What you will do: Locate the line containing "4PCS Champagne Decorative" in the material below; repeat it and every line after it, exactly as written.

Data shown:
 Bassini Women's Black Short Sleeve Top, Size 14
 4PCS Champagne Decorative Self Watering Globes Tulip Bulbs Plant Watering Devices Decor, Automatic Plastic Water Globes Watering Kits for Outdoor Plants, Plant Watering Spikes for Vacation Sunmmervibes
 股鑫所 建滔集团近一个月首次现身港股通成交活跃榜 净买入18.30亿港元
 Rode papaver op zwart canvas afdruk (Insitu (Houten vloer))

Solution for this exercise:
 4PCS Champagne Decorative Self Watering Globes Tulip Bulbs Plant Watering Devices Decor, Automatic Plastic Water Globes Watering Kits for Outdoor Plants, Plant Watering Spikes for Vacation Sunmmervibes
 股鑫所 建滔集团近一个月首次现身港股通成交活跃榜 净买入18.30亿港元
 Rode papaver op zwart canvas afdruk (Insitu (Houten vloer))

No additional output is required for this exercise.